Scenarios for Change

The Paris Climate Agreement was a historic step toward seriously combating climate change. As of December 2016, a year after the agreement was drafted, a total of 194 countries had signed it and 127 of those had ratified it. It's a big deal, considering it's the first-ever agreement on climate change that was accepted by a significant number of nations, including the United States.

In its simplest form, the goal of the Paris Agreement is for each signatory to work to limit global warming to a maximum of 2 degrees Celsius (3.6 degrees Fahrenheit) above pre-industrial temperatures. As part of the agreement, participating countries were required to commit to a pledge, also known as an intended nationally determined contribution (INDC). These INDCs vary depending on the specific country, but the majority emphasize the use of non-carbon-emitting, renewable sources of energy.

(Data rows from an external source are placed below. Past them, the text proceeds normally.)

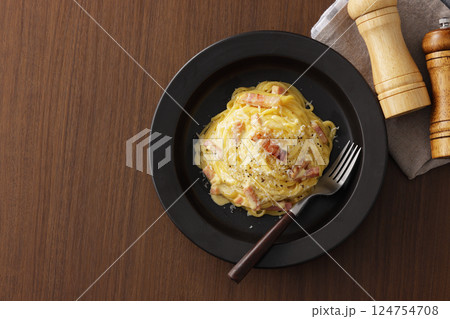 美味しそうなスパゲッティカルボナーラ 124754708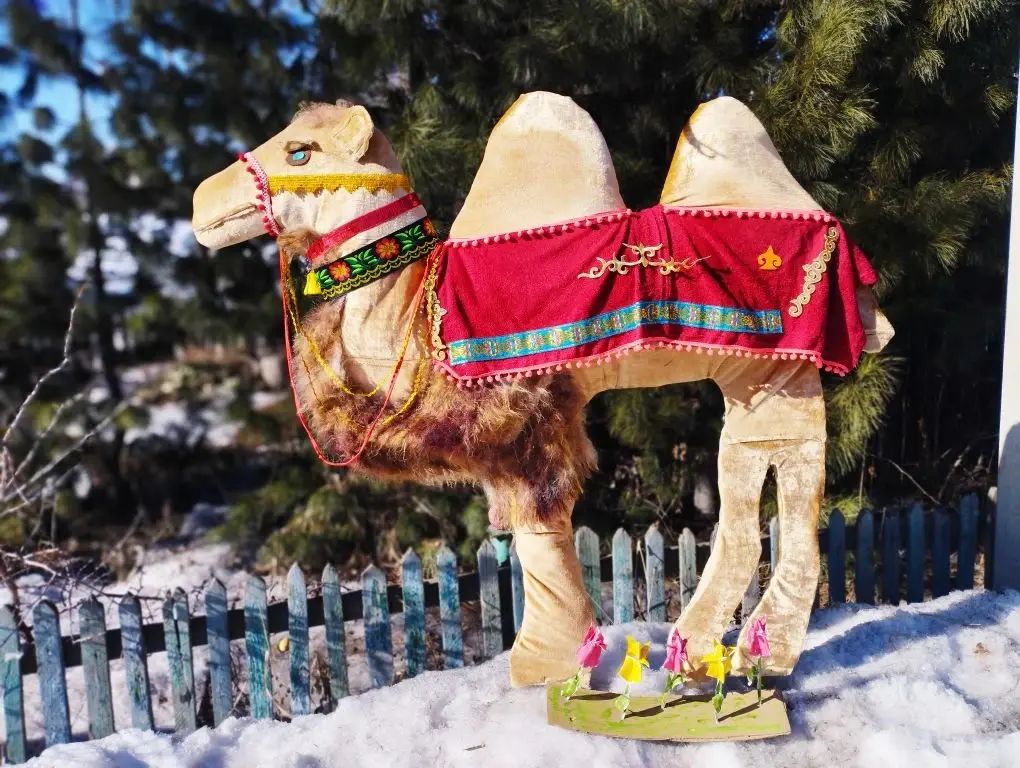 Мастеровитый выдумщик из Риддера украсил свой двор к Наурызу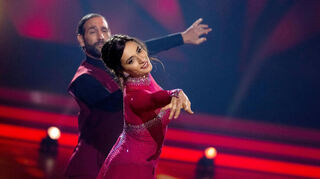 Sally Özcan, Youtuberin und Influencerin, und Massimo Sinato, Profitänzer, tanzen in der RTL-Tanzshow "Let's Dance" im Jahr 2023.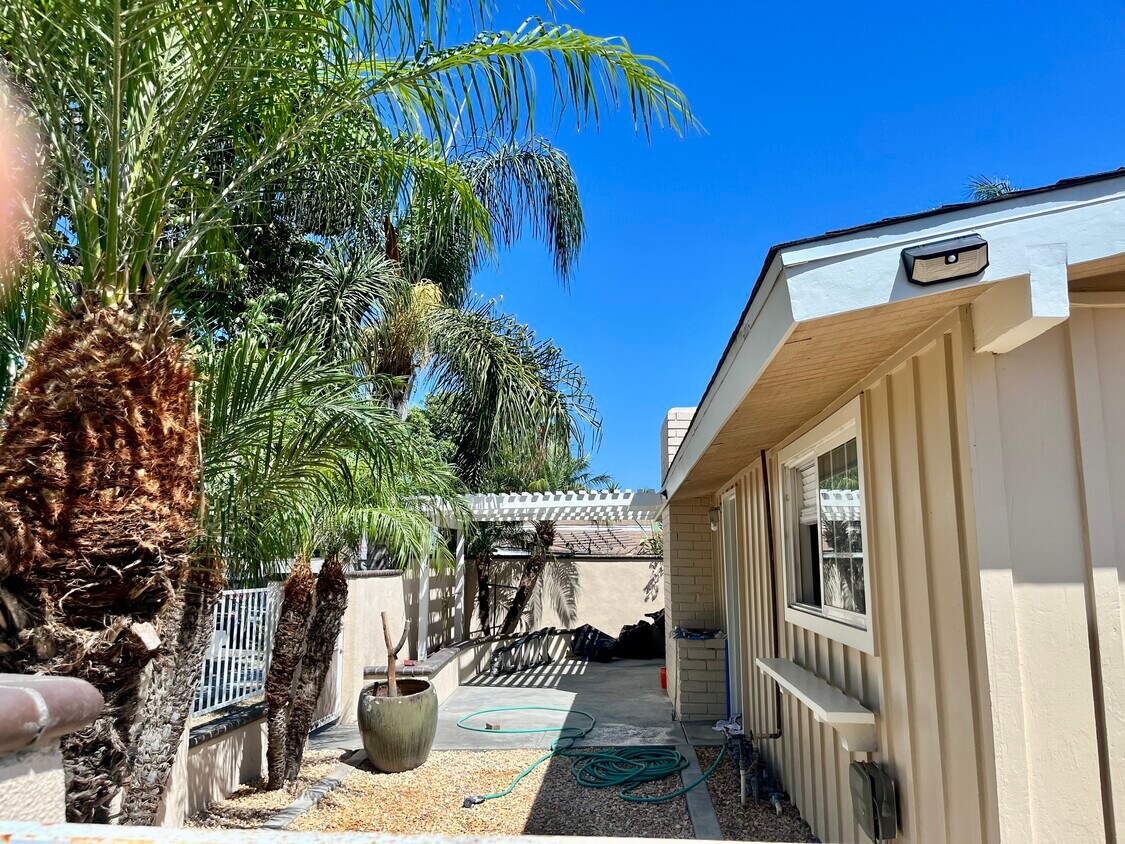Foto principal - 1391 Baker St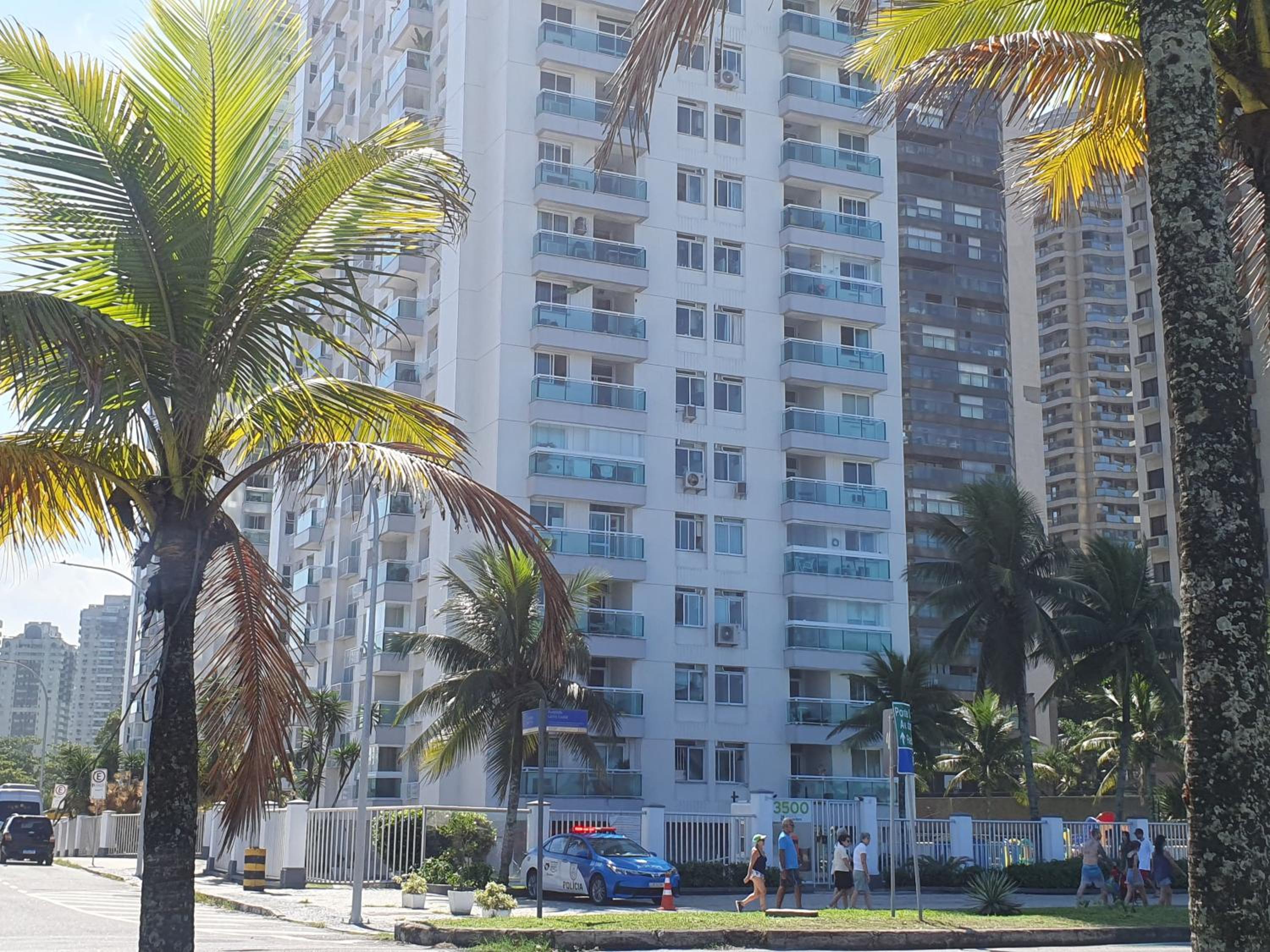 APTO VISTA MAR e PÉ NA AREIA DA BARRA DA TIJUCA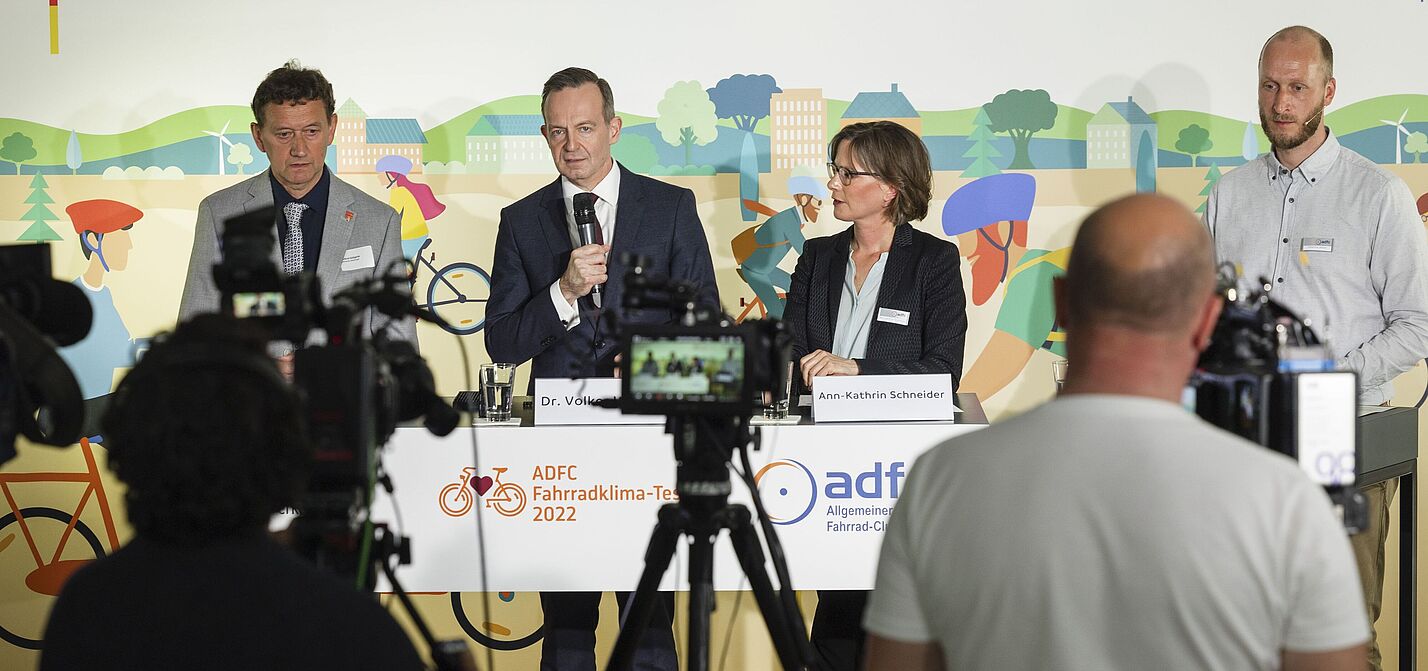 Gemeinsame Pressekonferenz von ADFC und Bundesverkehrministerium zum ADFC-Fahrradklima-Test 2022. Gemeinsame Pressekonferenz von ADFC und Bundesverkehrministerium zum ADFC-Fahrradklima-Test 2022.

So can the goals of the Paris Agreement be met? Scientists from the University of Maryland (UMD) set to find out. "We've developed an empirical model of global climate that we use to forecast future temperature out to the year 2100," UMD research professor in atmospheric and oceanic science Timothy Canty told Phys.org. "This is a model that ingests massive amounts of observational data."

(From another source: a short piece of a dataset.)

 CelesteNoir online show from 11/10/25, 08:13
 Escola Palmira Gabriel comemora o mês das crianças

The details of the researchers' findings are published as a book entitled "Paris Climate Agreement: Beacon of Hope," and in it, they argue that the 2-degree Celsius warming limit can be achieved, but only under certain circumstances.

Living Up To The Promise

Climate research models use scenarios known as representative concentration pathways (RCP) to describe the various possible levels of greenhouse gases in the future atmosphere. One of the more optimistic scenarios, RCP 4.5, assumes that human greenhouse gas emissions will soon level off and decline within a few decades.

"Our research shows that if the Paris Climate Agreement is met, it will put us on the RCP 4.5 pathway, but this can only happen if two important things occur," explained book co-author Walter Tribett. "One, all conditional and unconditional INDCs must be met. Two, the mitigation of greenhouse gases needed to meet the Paris goal must be propagated out to 2060."

The thing is, the INDCs currently extend only to 2030. The authors believe that all of the individual nations should recognize the importance of renewable energy sources and extend their INDCs. "To achieve RCP 4.5, half of the world's global energy must come from renewable sources by year 2060," said co-author Brian Bennett.

The authors realize that this mass transition to renewables is an ambitious undertaking, but it's one that both developed and developing countries should move toward. "This will require large-scale transfer of technology and capital from the developed to the developing world," co-author Ross Salawitch noted. "And at the same time this is happening, the developed world must reduce its own dependence on fossil fuels — not a little bit, but massively — by 2060."